Une fois les mots prononcés, l'homme vêtu de blanc posa son regard sur elle.
« Je n'ai aucune arrière-pensée, je me disais simplement que puisque ce sont mes mains qui l'ont sali, je devrais t'aider à le nettoyer. » Elle ricana en lui tendant le bol de soupe qu'elle tenait, sa voix douce tandis qu'elle poursuivait : « Bois la soupe d'abord ! Elle n'aura plus de goût une fois refroidie. »
Mo Chen la regarda, puis tendit ses longs bras pour prendre le bol de soupe qu'elle lui tendait et en but une gorgée.
À cette vue, Feng Jiu poussa discrètement un soupir de soulagement. Elle s'assit à côté de lui et lui tendit l'autre cuisse de poulet en disant : « Allez, mange encore ! »
Mo Chen regarda le jeune garçon qui lui tendait la cuisse de poulet, mais ne tendit pas la main pour la prendre.
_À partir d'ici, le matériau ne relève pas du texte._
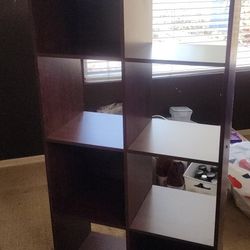 Dark 8 Cubic Organizer Shelf Unit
Il n'avait jamais mangé quoi que ce soit de sa vie. Il ne savait pas comment décrire la sensation d'utiliser ses mains pour manger.
Feng Jiu savait exactement ce qui lui passait par la tête : il n'avait jamais mangé de cette manière auparavant. Elle sourit et dit : « La nourriture a bien meilleur goût quand on la mange comme ça. C'est vraiment pas la même chose que de manger avec des baguettes. Tu comprendras une fois que tu auras essayé. »
Le voyant hésiter un instant, Mo Chen finit par tendre la main pour prendre la nourriture. Il ne croqua pas à pleines dents comme Feng Jiu, mais prit de petites bouchées à chaque fois.
Feng Jiu rit de bon cœur et posa une paire de baguettes devant lui pour qu'il puisse s'en servir quand les autres plats arriveraient, puis elle s'empara d'un autre morceau de viande. Au bout d'une heure, l'herbe était jonchée d'un beau désordre.
Mo Chen trouva cela fort impoli, car il n'aurait jamais quitté une table de repas dans un tel état. Même si ce n'était pas une table, c'était tout de même manquer de tenue. Quand il vit le jeune creuser un trou et y enterrer tous les déchets, il fut assez surpris.
« Il y a un petit ruisseau devant, allons nous laver les mains ! » Après avoir enterré les os et la vaisselle, Feng Jiu battit des mains et se dirigea vers le petit ruisseau.
Elle se lava les mains et le visage dans le ruisseau. Comme elle s'apprêtait à chercher un endroit pour se reposer, on lui tendit une robe.
« Il faut la nettoyer. »
La voix était douce comme l'eau qui coule dans la montagne, claire et mélodieuse.
Elle tourna légèrement la tête et leva les yeux par-dessus la robe qu'elle tenait levée. Elle regarda l'homme qui se tenait devant elle, les mains tendues lui offrant la robe. Il ne portait que sa robe intérieure et son expression était indifférente tandis qu'il la regardait de haut.
« Ah, d'accord. » Elle répondit et se tourna pour laver la robe dans le ruisseau. Cependant, il valait probablement mieux qu'elle ne l'ait pas lavée, car une fois qu'elle l'eut lavée.....
Le front de Feng Jiu se couvrit de sueurs froides tandis qu'elle regardait la robe. Plus elle la lavait, plus elle devenait sale. Elle n'osa pas se retourner.
Derrière elle, Mo Chen observait le dos de Feng Jiu avec indifférence, puis leva les yeux vers le soleil qui se couchait dans le ciel. Au bout d'un moment, il entendit le bruit d'un tissu qui se déchirait. Il se tourna vers le jeune qui tenait sa robe et la fixait, hébété.
Il s'approcha pour regarder, et ce qu'il vit lui fit grandir les yeux de surprise.
Il vit que l'empreinte de main sur sa robe de soie s'était quelque peu estompée au lavage, mais qu'il y avait aussi une grande déchirure dans la robe. Il n'avait aucune idée de la façon dont le jeune avait lavé sa robe. Il resta sans voix, à fixer sa robe.